Murlo > Terni 170.4km
2083m of climbing in this stage, it’s going to be another sprint.
Sun and nice temperatures. There’s a lot of crosswind throughout the day, but apart from between km55 and km75, the route is well protected by trees. There is no point trying to split it.
We have four roundabouts between 5km and 3km to go, not ideal. Just inside the final 3km the bunch head off the main road, down a very narrow slip round which bends round and opens up onto another wide road.
We then have a fast right-hand turn at another roundabout with 1.7km to go. The road is a standard two-lane road, just like today, it’s not the widest. Under the flamme rouge the bunch go all the way round a roundabout, this is obviously a very important point in the sprint lead out.
The final turn comes with 300m to go, yet another roundabout. There’s a little surprise at the end, we have 200m of uphill cobbles! It’s not steep, but it’s going to be fun to watch.
Tim Merlier – took a very impressive win today, he always seems to do well in messy finishes. Alpecin-Fenix did a good job in the final 5km, they remained patient and let the other teams battle for the front of the bunch. When they decided the time was right, they hit the front with four riders in front of Merlier. They got a little swamped in the final kilometre, but Merlier was able to find a good wheel and finished it off with the win. Can he take another win? Given the way his train rode today, it wouldn’t surprise me.
Caleb Ewan – it didn’t happen for Lotto-Soudal today, but sometimes that happens. This finish is better for his sprint train, they should be able to be near the front in the closing kilometres.
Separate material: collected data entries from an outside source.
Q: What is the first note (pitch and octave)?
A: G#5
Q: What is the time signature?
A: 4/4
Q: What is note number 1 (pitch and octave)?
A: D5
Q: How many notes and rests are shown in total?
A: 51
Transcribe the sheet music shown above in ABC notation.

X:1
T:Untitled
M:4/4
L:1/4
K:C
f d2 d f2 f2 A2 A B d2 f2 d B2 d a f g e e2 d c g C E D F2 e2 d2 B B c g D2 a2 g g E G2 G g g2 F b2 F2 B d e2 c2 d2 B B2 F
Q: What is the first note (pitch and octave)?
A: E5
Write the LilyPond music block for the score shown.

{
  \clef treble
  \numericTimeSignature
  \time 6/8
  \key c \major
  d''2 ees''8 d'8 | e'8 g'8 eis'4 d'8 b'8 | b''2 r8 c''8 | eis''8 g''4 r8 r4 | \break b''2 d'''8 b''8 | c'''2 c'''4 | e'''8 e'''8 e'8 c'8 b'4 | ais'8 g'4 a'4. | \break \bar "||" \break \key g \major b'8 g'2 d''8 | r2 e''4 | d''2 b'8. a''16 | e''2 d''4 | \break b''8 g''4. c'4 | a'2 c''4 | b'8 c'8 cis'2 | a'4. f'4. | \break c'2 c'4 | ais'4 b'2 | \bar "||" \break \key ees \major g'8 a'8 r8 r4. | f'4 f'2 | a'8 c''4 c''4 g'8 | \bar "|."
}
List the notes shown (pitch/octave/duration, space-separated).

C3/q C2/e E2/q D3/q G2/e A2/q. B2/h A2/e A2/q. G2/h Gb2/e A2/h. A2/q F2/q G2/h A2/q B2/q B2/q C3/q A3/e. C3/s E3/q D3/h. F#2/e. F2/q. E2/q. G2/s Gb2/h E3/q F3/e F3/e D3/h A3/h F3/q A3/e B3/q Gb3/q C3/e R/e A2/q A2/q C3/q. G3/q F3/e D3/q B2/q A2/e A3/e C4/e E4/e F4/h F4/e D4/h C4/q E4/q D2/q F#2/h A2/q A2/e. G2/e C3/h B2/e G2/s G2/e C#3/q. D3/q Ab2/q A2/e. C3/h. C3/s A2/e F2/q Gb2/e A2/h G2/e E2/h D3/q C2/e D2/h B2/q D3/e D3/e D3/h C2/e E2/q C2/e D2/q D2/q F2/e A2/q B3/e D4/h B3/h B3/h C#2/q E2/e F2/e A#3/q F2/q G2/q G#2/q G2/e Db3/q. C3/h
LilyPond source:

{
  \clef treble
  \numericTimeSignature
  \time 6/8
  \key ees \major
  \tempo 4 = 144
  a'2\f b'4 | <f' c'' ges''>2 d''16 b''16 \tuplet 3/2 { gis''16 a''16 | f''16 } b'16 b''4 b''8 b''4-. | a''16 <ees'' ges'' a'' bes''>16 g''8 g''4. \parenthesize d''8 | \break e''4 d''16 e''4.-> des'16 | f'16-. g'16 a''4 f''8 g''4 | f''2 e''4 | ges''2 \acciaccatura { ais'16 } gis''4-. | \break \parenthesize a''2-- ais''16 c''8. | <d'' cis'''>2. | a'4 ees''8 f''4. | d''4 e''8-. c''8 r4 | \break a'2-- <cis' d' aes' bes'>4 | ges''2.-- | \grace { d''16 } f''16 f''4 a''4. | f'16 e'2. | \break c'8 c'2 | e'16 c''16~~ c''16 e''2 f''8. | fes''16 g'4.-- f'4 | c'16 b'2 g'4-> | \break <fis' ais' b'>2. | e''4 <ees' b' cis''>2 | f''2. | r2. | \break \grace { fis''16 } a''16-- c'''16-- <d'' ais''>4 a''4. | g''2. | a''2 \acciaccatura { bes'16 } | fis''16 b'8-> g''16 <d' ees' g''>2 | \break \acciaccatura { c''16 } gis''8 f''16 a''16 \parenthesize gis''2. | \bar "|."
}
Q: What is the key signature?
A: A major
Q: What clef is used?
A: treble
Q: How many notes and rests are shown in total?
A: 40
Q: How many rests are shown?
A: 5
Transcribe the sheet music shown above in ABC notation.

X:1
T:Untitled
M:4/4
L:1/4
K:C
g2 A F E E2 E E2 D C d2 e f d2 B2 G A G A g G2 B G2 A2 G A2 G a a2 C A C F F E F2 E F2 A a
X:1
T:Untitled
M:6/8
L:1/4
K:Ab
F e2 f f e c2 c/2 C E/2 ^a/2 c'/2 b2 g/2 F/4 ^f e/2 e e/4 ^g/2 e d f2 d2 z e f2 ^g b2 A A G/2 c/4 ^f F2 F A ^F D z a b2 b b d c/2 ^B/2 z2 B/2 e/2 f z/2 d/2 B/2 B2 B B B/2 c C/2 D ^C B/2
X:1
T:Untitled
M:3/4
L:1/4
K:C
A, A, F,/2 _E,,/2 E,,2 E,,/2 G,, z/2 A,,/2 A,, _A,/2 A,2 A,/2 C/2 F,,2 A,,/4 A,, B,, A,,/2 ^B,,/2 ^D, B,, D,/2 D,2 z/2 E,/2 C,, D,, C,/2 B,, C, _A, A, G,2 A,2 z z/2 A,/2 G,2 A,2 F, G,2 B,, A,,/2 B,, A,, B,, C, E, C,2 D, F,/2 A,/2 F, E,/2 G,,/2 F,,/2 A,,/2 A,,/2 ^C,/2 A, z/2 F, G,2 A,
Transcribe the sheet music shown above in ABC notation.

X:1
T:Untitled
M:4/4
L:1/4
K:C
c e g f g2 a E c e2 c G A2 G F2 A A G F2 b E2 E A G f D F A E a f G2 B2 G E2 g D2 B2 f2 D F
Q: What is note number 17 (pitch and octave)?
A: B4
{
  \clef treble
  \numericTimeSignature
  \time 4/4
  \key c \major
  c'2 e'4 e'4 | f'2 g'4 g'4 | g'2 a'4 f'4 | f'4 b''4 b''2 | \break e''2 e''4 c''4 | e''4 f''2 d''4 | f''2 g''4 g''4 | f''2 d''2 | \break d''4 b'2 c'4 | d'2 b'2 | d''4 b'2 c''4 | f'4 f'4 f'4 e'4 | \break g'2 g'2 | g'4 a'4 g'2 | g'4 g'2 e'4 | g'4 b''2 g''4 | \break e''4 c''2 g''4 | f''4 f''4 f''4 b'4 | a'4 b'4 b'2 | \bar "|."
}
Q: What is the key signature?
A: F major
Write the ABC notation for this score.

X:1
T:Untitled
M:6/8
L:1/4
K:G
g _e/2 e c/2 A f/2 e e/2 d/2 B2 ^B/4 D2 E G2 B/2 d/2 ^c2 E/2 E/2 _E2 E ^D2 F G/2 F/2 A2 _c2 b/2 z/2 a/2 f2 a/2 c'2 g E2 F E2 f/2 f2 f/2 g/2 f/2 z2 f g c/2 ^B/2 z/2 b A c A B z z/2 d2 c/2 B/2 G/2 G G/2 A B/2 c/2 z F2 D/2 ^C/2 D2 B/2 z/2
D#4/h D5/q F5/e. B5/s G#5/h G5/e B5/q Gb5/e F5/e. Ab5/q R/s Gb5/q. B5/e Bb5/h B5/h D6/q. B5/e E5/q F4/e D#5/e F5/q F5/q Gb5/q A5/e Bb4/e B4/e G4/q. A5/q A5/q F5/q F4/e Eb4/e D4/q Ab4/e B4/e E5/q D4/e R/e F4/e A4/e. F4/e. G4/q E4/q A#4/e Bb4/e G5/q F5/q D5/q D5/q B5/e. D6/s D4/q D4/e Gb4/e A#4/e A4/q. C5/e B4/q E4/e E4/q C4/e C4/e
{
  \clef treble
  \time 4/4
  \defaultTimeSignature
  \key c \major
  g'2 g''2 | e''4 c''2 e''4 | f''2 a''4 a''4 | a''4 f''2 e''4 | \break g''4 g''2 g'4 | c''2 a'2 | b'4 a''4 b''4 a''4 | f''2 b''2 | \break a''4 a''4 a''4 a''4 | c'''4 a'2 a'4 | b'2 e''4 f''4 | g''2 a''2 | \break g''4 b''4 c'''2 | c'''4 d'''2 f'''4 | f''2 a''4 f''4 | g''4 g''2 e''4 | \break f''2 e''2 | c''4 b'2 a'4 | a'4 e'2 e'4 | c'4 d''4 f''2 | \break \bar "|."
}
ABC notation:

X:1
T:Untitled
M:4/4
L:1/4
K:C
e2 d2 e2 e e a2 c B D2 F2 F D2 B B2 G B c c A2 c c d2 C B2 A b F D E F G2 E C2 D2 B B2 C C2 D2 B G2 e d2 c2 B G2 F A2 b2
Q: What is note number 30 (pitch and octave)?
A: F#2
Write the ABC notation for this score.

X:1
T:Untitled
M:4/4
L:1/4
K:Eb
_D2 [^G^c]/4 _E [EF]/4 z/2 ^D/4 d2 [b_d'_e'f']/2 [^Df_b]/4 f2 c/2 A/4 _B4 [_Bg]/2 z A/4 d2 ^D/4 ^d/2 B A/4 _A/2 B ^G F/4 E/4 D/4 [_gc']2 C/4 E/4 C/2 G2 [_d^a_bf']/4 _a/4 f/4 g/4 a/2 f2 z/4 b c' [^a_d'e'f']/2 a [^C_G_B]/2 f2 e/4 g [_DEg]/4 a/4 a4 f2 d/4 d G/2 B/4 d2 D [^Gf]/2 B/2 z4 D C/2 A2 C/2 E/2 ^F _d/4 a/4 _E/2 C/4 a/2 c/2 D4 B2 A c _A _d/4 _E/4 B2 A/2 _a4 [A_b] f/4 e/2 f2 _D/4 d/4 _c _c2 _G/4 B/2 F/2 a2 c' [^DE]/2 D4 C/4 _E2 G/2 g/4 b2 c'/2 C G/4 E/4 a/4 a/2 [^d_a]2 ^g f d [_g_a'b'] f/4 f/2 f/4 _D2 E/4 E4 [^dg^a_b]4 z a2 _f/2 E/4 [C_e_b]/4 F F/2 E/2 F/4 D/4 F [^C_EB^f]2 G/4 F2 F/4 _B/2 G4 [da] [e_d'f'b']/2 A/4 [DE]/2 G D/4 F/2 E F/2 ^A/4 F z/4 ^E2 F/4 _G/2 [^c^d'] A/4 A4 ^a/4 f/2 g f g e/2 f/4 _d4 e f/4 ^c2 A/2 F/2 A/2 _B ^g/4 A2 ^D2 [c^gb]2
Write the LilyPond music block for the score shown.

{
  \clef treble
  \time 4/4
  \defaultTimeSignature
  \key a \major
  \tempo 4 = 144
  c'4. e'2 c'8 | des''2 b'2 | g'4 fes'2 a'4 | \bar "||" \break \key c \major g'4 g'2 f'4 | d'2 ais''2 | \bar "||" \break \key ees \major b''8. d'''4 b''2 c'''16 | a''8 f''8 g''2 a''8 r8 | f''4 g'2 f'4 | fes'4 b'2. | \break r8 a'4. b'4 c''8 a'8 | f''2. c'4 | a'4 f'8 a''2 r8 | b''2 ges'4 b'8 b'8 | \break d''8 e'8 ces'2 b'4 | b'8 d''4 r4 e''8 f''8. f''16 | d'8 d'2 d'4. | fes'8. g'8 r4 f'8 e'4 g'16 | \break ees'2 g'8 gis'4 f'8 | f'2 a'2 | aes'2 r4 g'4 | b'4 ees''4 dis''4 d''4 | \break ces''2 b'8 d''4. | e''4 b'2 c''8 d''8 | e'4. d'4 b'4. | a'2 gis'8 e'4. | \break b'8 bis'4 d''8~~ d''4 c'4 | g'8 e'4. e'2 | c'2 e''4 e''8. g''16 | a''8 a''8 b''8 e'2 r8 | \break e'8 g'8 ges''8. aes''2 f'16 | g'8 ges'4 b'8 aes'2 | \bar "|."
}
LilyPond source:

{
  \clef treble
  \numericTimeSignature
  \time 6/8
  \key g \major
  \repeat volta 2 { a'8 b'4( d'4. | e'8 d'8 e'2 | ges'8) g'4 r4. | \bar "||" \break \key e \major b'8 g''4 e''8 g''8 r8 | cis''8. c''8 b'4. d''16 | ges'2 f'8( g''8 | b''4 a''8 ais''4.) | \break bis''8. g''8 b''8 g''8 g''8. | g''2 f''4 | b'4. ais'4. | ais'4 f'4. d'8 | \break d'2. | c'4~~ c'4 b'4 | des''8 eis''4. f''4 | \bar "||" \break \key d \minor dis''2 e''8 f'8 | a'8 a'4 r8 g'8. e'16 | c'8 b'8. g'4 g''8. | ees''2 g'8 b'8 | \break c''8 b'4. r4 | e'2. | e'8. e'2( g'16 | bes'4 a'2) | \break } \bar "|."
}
I don’t like seeing Ewan without De Buyst, we’ll have to see if Selig can deliver in this stage.
Mark Cavendish – didn’t sprint today, the team went for Ballerini instead, as Cav had a cold. I would expect to see Cav back on sprint duties for this stage, and QuickStep look to have a strong train. It doesn’t look like Remco will be getting heavily involved in the sprints, but Alaphilippe is. With Asgreen and Honoré to help, they should be able to boss the final kilometres, then it’s over to Cav.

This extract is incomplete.